NOTICE OF DEVIATION REGARDING K-LINE CIRCUIT BREAKER SECONDARY CLOSE LATCH

The following information was excerpted from a facsimile received from ABB, Inc:

"This letter provides notification of a failure to comply with specifications associated with a secondary close latch, part number 716610K01, used in K-Line 225/800 and 1600/2000 amp electrically operated Model 7 circuit breakers. This does not affect previous models of these same breakers that have not been upgraded to include the interlocking primary and secondary close latches. It also does not affect manually operated Kline breakers or K3000/4000 circuit breakers. Information is provided as specified in 10CFR21 paragraph 21.21(d)(4).

"Notifying individual: Jay Lavrinc, Vice President & General Manager, ABB (Medium Voltage Service), 2300 Mechanicsville Road, Florence, SC 29501

"Identification of the Subject component: ABB part number 716610K01 secondary close latch. This secondary close latch is used on new legacy K-Line Model 7 electrically operated circuit breakers. It is also used during breaker refurbishments when a secondary close latch is required to be replaced because of damage or wear. The secondary close latch is available as a component part and is also used in K-Line Model 7 up-grade kits.

"If a breaker is sent in for refurbishment the primary and secondary latches are replaced unless it is required in the customer PO that they not be replaced unless they are damaged or worn.

"Nature of the deviation: During outgoing inspection a breaker went trip free during the operational phase of the testing procedure. The inspector found that the cam attached to the top of the secondary close latch, 716610K01, was not properly riveted in place. The head of the rivet was not pushed down flush against the side of the cam. Since the rivet was not seated properly, the other end of the rivet did not project through the other side of the latch and therefore the bradded end of the rivet was not deformed in a manner to sufficiently apply the required holding force to keep the cam in its proper and secure operating position.

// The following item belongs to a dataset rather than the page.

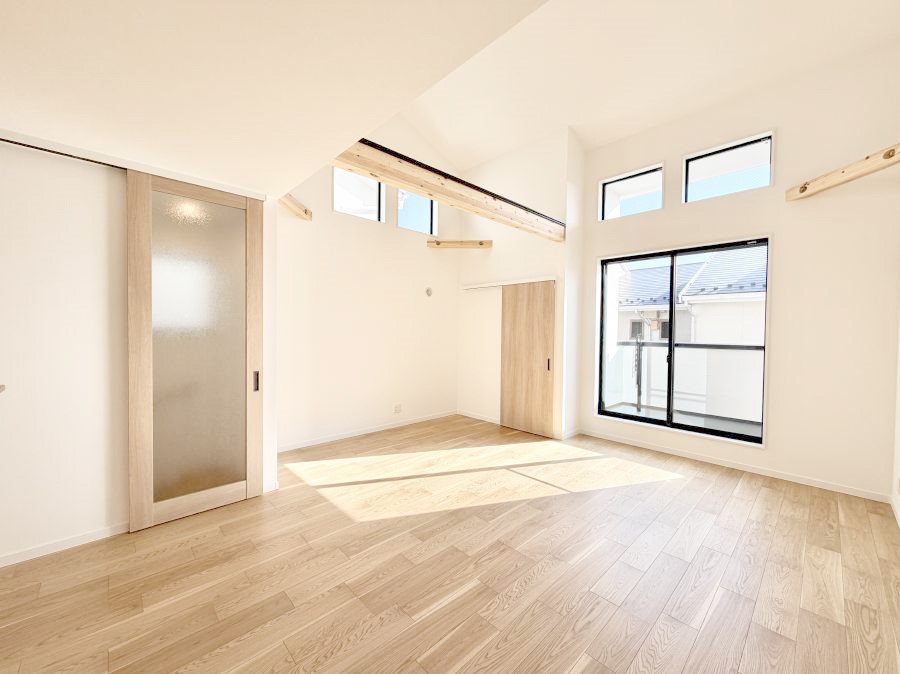 ̑ Ƒ̏Ί炪ӂA났̋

"Corrective actions include:
a. Perform 100% inspection all part number 716610K01 secondary close latches in inventory to identify the nonconforming latches. (Action complete)
b. Trained inspectors and breaker assemblers on identifying this condition (Action Complete)
c. Contact primary vendor to investigate cause and correct on future orders. (Action Complete)
d. Verified that this is the only assembly with bradding that this vendor provides. (Action complete)
e. Notification of the potential existence of this deviation to affected customers (Action to be completed by 18 August 2014)

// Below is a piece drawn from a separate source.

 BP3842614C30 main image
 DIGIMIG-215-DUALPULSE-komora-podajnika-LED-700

"Affected Customers: Constellation Energy, DTEEnergy, Entergy Operations, Exelon Corporation

"Recommendations: It is recommended that affected Licensees that have received latches that were identified as having been provided from parts that fall under this notification take the following actions:

"If the latch is in their inventory as a component, in a kit or in a breaker that is not currently in use it is suggested that the secondary trip latch be inspected for this condition. Inspection should include visual inspection of the rivets to confirm they are properly seated and bradded and physical manipulation of the cam to determine that it is securely held in place in the assembly.

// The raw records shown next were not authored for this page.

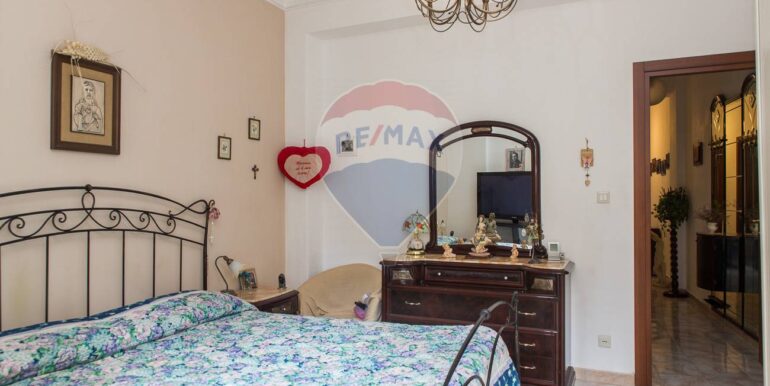 20250716114058-967128-8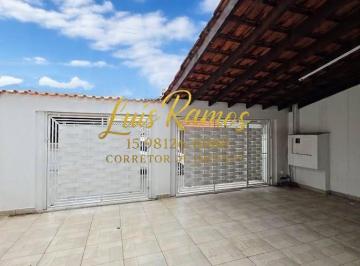 202511191650267567.jpg · Casa para Venda em Sorocaba, Jardim São Guilherme, 3 dormitórios, 2 banheiros, 2 vagas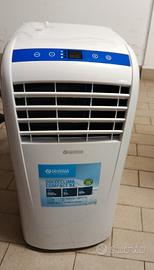 Dolceclima Olimpia Splendid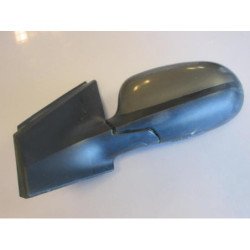 Retroviseur Gauche Fiat Bravo 2 (3)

"If a suspect latch is installed in a breaker that is currently installed and energized we recommend that at their next maintenance cycle, the secondary close latch in the breaker be inspected for this condition.

"We currently cycle Kline breakers that are refurbished approximately 55 close/open operations before they ship from the Florence facility. New breakers get at least that many operations or more. If a breaker has shipped out of the Florence facility during this period it is unlikely that the breaker would get through inspection without failing with a latch that is improperly riveted. ABB cannot guarantee that no latch on a breaker that shipped is affected but we do not see it as a likely occurrence with the testing that the breaker is subjected to prior to shipment. There have been no field failures reported that were attributed to this manufacturing issue."

* * * UPDATE FROM DAVID BROWN TO JOHN SHOEMAKER ON AT 1654 EDT ON 9/12/14 * * *

The following information was received from ABB Inc. via email;

"This amendment is being issued to correct 2 errors in the original notification:

1. This 'secondary close latch' was mistakenly referred to as a 'secondary trip latch' in Section 7 [of the report].

2. The manner in which the problem was detected was described improperly as a breaker 'went trip free' when in fact, the breaker 'failed to close'. This is from Section 5 [of the report].

"This [amendment] letter is being submitted to ensure accurate information has been reported. There have been no reported field failures and affected customers have been notified."

For questions, contact;
David Brown
QA Engineer, ABB Inc.
Ph: (843) 413-4782

Notified R1DO (Jackson), R2DO (Shaeffer), R3DO (Riemer), R4DO (Azua), and Part 21 Group via email.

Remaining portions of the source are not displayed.